Take the data below and write it out exactly, except for the pictures.

> Data
□ □ □ □ □ □ □
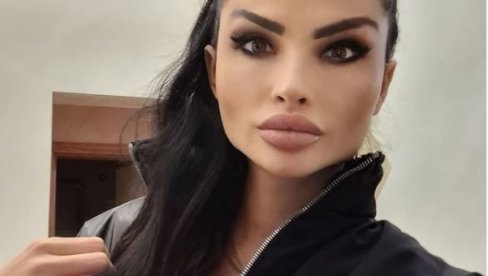 DANAS POČINJE SUĐENJE OLGICI MARKANOVIĆ: Nadrilekarka optužena da je vršila zahvate na pacijentima bez dozvole DANAS POČINJE SUĐENJE OLGICI MARKANOVIĆ: Nadrilekarka optužena da je vršila zahvate na pacijentima bez dozvole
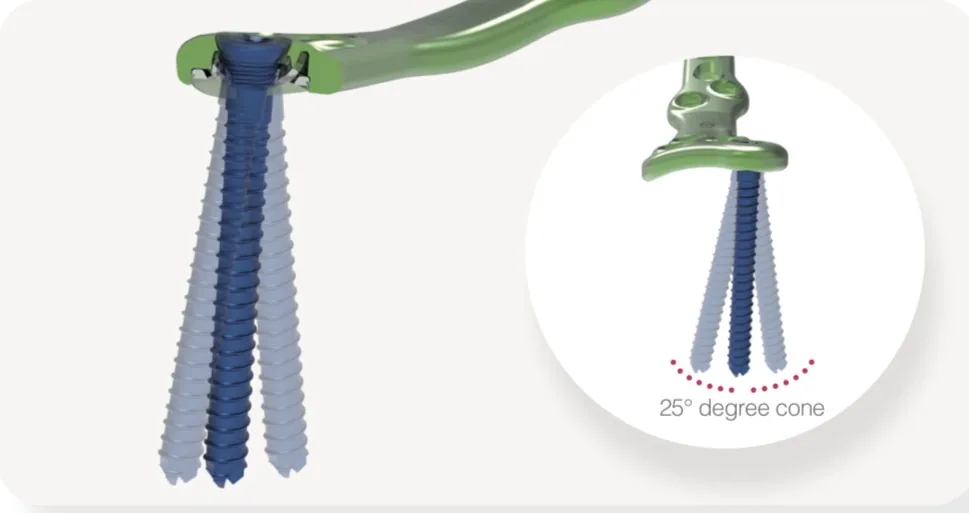 Polyaxial locking fixation - DTS System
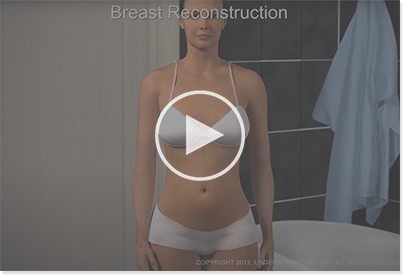 Link to play Understand.com's YouTube breast reconstruction animation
□ □ □ □ □ □ □
> Solution
 DANAS POČINJE SUĐENJE OLGICI MARKANOVIĆ: Nadrilekarka optužena da je vršila zahvate na pacijentima bez dozvole DANAS POČINJE SUĐENJE OLGICI MARKANOVIĆ: Nadrilekarka optužena da je vršila zahvate na pacijentima bez dozvole
 Polyaxial locking fixation - DTS System
 Link to play Understand.com's YouTube breast reconstruction animation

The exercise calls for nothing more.